Memories aren’t infallible – even for those with photographic memory – so, more often than not, they’ll seem fuzzy. And the older these get, the fuzzier they’re recalled. Mixing names, faces and events in your head can sometimes be embarrassing, but at least we’re not alone. Seems like bees have false memories too, according to a study made by British researchers at Queen Mary University of London. Previously, false memories had been induced in other animals, like mice, but this is the first time natural false memories have been shown to happen. Research like this might help us, in time, understand how false memories are formed and, in a more general sense, how we recall events.

honeybee

Image: JOSEPH BERGER/BUGWOOD.ORG

Honeybees and bumblebees rely on scent, taste and colour to find food (nectar), so they map this sensory information for later use. The researchers trained bees (Bombus terrestris) to go after two types of reward-bearing flowers: solid yellow ones and a variety which flashed rings of black and white. They then introduced other varieties of flowers. 

In the first three days the bees preferred the most recently rewarded stimulus. Later on, however, the bees went for a hybrid made of yellow and white concentric circles. Just 34 percent preferred the merged blooms during the first ten trials, but 50 percent did during the last ten. According to the researchers at the QMUL Bee Sensory and Behavioral Lab, this is indicative of false memory formation. Strikingly, this matches a pattern reminiscent of how humans recall false information. Right after training or shortly after reading an article, for instance, people will rather accurately remember what was it all about. Ask them to perform the task two week later and things will get fuzzy. As such, it’s a matter of long term memory storage and retrieval. But this isn’t necessarily a bad thing. It’s a sign of how flexible our memory is.
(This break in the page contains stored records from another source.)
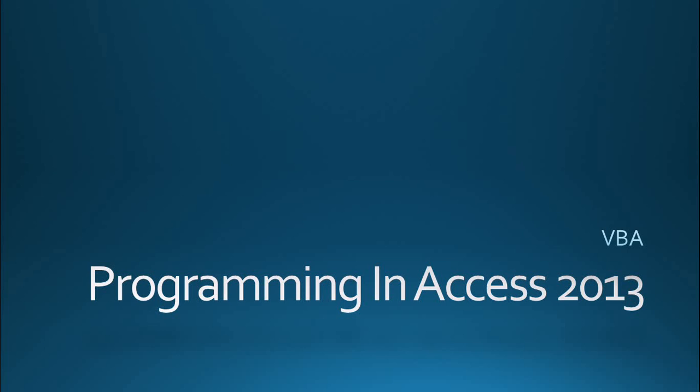Hello again everyone and welcome back to Programming in Access 2013. My name is Steve Bishop. Today we're going to be continuing our series on VBA or Visual Basic for Applications.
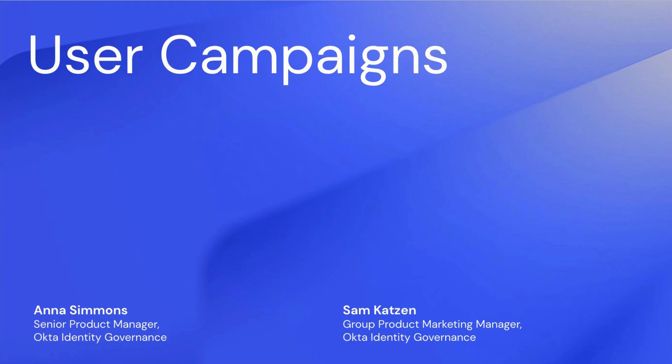User campaigns can be automatically triggered by events in Okta like a role change, so security and IT teams can automate and scale access reviews right when role changes occur, maintaining least privilege and keeping an organization more secure.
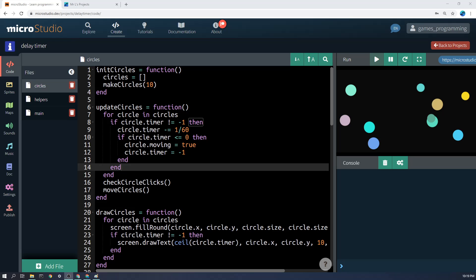This will allow you to give behavior to enemies that is delayed in some way. Now just a final note I will say is that if you have different behaviors for the enemy or the bullet or whatever that are delayed at different times and different rates, you might have multiple timers. You might call one spawn timer or explosion timer or whatever. You can give them more app names.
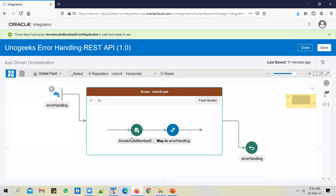This will raise a fault if the number is not a valid one. Here, we are multiplying the number with itself and sending the response back. Let's go ahead and test this. The expectation is: if we pass in an invalid number, this fault should be raised and handled by the scope level fault handler.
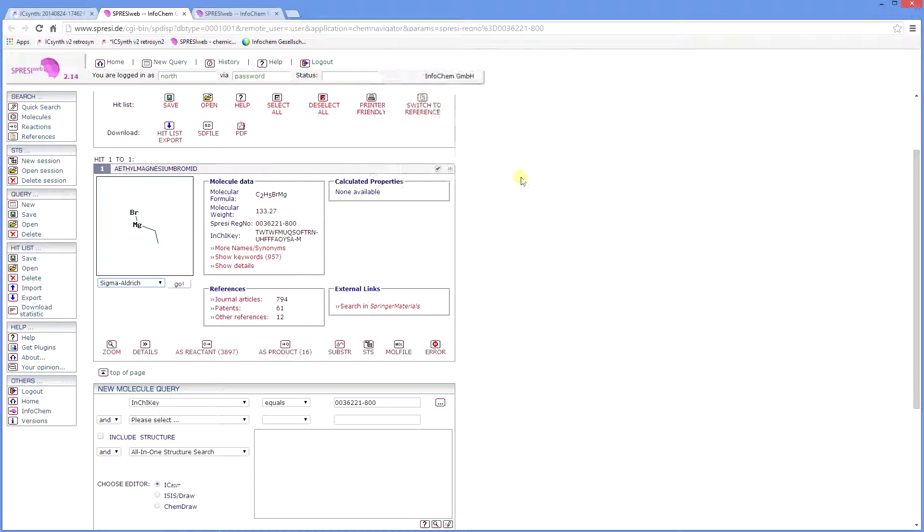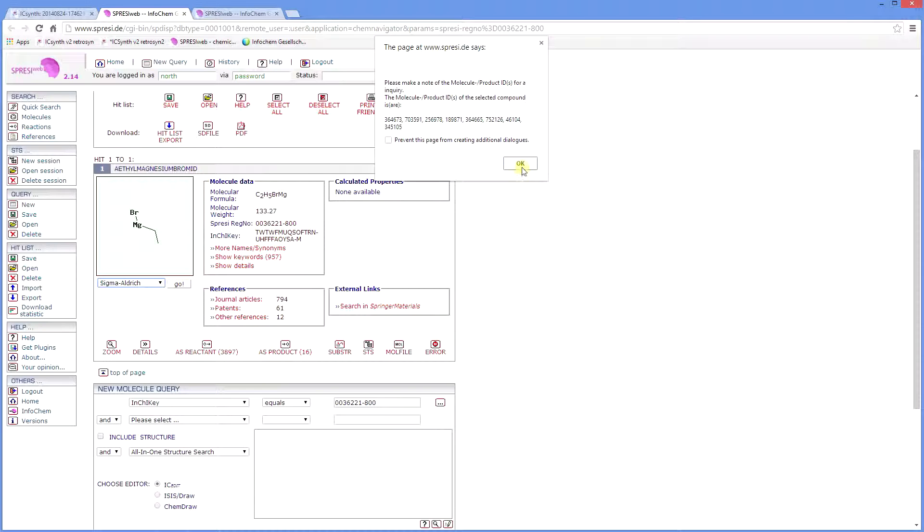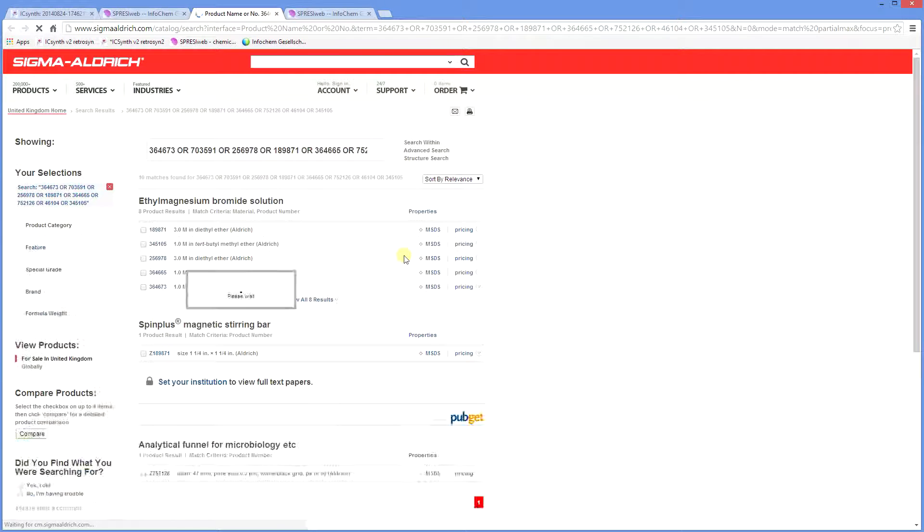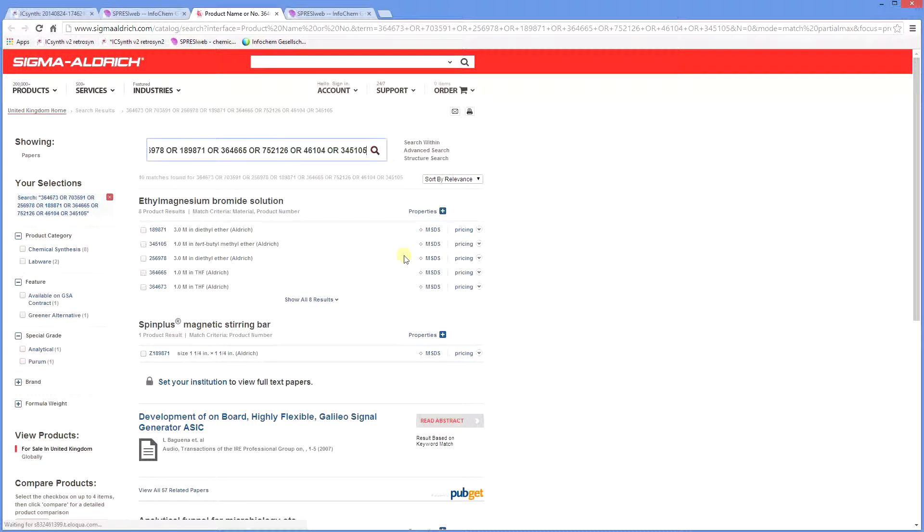In this case, Sigma Aldrich is selected and we now link to their website and can view the purchase information.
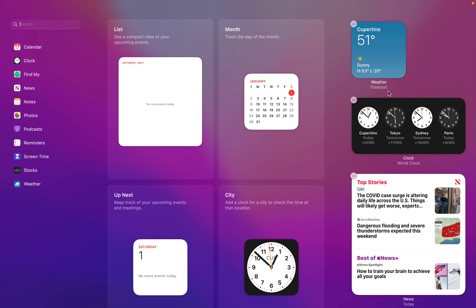After you click on edit widgets, the Mac will provide you with a list of widgets that you can select and add into your widgets now.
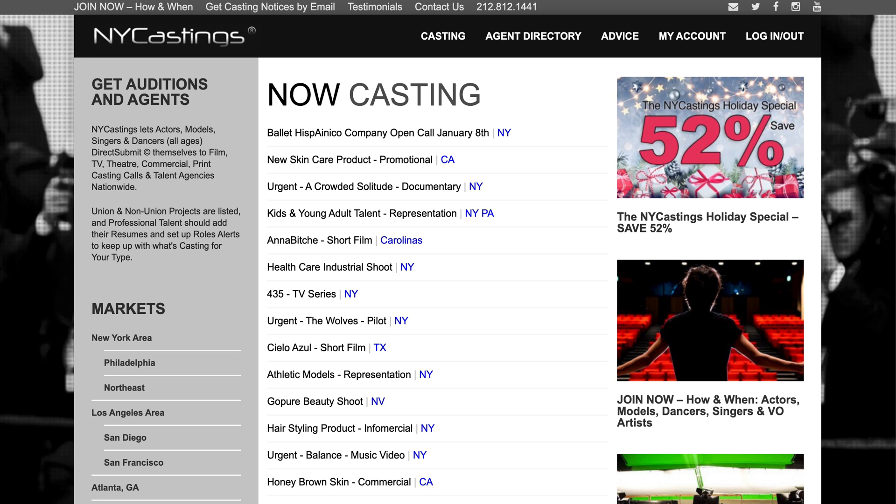Hello and welcome to NYCastings.com. Are you a casting director? Have you ever wondered how our website works? We have a pool of tens of thousands of actors from across the country who subscribe to our service and are notified when a casting notice is posted with a role that fits them.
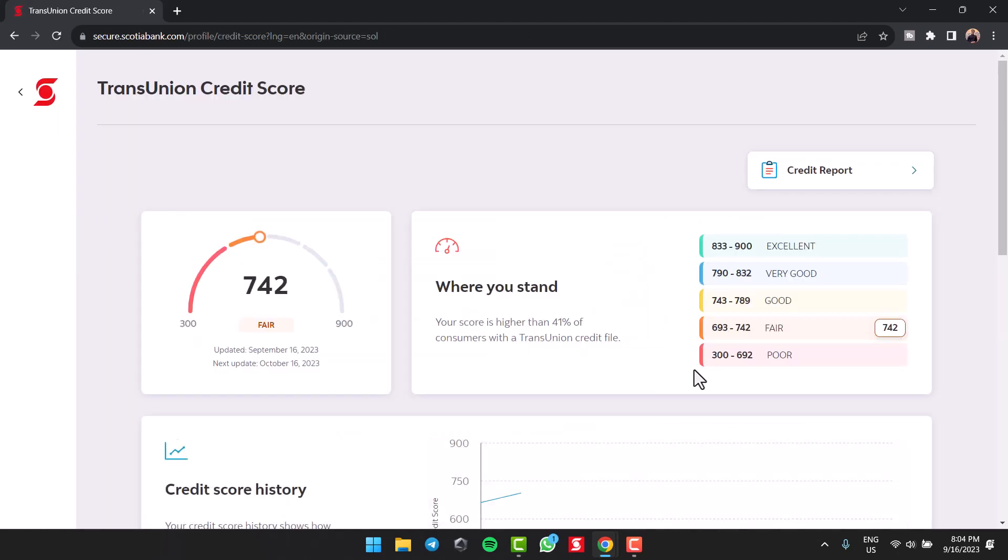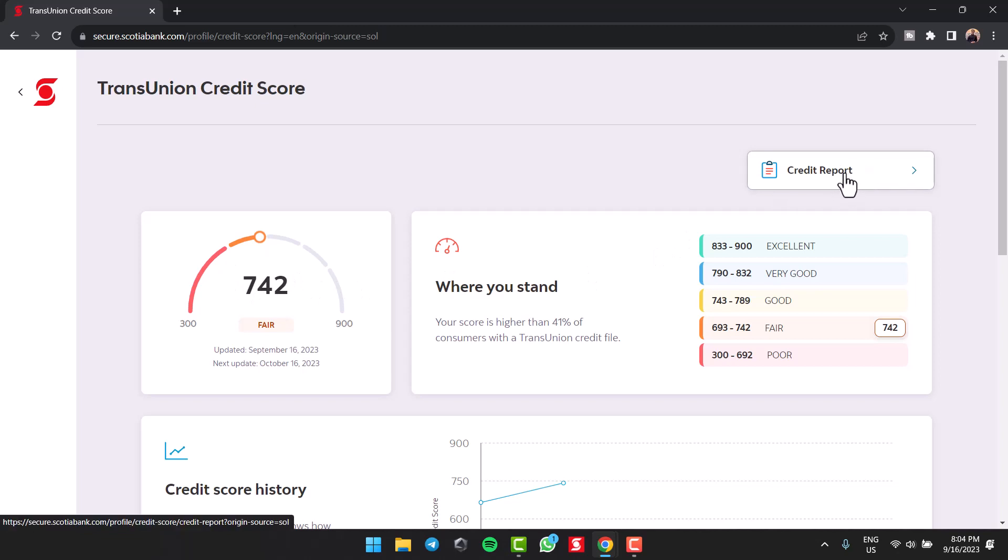After that, you will be taken to this space where it'll show you your credit score. And if you want your full credit report, tap on option credit report over here and then you will be able to view your entire credit report.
“There is no question that the ability to extract patterns and commonalities between different events in our environment [is] adaptive,” Lars Chittka of Queen Mary University of London says in a press release. “Indeed, the ability to memorize the overarching principles of a number of different events might help us respond in new situations. But these abilities might come at the expense of remembering every detail correctly.”

Findings appeared in Current Biology.